■ Listed entries
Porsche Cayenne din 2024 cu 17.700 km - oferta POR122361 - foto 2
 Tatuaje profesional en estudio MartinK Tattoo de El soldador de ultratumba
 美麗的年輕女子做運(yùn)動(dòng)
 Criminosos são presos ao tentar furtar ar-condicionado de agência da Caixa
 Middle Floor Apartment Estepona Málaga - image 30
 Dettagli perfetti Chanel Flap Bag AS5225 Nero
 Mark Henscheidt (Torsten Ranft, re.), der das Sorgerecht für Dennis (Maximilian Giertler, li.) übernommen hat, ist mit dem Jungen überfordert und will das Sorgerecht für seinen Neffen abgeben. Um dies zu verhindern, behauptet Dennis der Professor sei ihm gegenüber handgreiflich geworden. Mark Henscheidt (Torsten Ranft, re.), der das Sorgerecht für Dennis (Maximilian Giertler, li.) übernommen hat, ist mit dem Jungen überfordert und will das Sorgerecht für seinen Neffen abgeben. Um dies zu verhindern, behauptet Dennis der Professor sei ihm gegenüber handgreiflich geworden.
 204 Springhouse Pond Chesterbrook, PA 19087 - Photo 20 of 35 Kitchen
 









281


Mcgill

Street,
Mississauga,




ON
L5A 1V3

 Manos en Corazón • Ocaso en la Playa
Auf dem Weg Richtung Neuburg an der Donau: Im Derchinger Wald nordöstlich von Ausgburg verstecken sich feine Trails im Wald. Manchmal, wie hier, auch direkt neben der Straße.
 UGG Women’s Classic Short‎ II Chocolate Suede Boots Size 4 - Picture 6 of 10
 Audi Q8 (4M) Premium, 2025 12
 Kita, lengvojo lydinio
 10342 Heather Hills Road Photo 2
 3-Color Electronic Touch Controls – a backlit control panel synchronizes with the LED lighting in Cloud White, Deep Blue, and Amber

■ To do
Repeat all of the data exactly.

■ Task solution
Porsche Cayenne din 2024 cu 17.700 km - oferta POR122361 - foto 2
 Tatuaje profesional en estudio MartinK Tattoo de El soldador de ultratumba
 美麗的年輕女子做運(yùn)動(dòng)
 Criminosos são presos ao tentar furtar ar-condicionado de agência da Caixa
 Middle Floor Apartment Estepona Málaga - image 30
 Dettagli perfetti Chanel Flap Bag AS5225 Nero
 Mark Henscheidt (Torsten Ranft, re.), der das Sorgerecht für Dennis (Maximilian Giertler, li.) übernommen hat, ist mit dem Jungen überfordert und will das Sorgerecht für seinen Neffen abgeben. Um dies zu verhindern, behauptet Dennis der Professor sei ihm gegenüber handgreiflich geworden. Mark Henscheidt (Torsten Ranft, re.), der das Sorgerecht für Dennis (Maximilian Giertler, li.) übernommen hat, ist mit dem Jungen überfordert und will das Sorgerecht für seinen Neffen abgeben. Um dies zu verhindern, behauptet Dennis der Professor sei ihm gegenüber handgreiflich geworden.
 204 Springhouse Pond Chesterbrook, PA 19087 - Photo 20 of 35 Kitchen
 









281


Mcgill

Street,
Mississauga,




ON
L5A 1V3

 Manos en Corazón • Ocaso en la Playa
Auf dem Weg Richtung Neuburg an der Donau: Im Derchinger Wald nordöstlich von Ausgburg verstecken sich feine Trails im Wald. Manchmal, wie hier, auch direkt neben der Straße.
 UGG Women’s Classic Short‎ II Chocolate Suede Boots Size 4 - Picture 6 of 10
 Audi Q8 (4M) Premium, 2025 12
 Kita, lengvojo lydinio
 10342 Heather Hills Road Photo 2
 3-Color Electronic Touch Controls – a backlit control panel synchronizes with the LED lighting in Cloud White, Deep Blue, and Amber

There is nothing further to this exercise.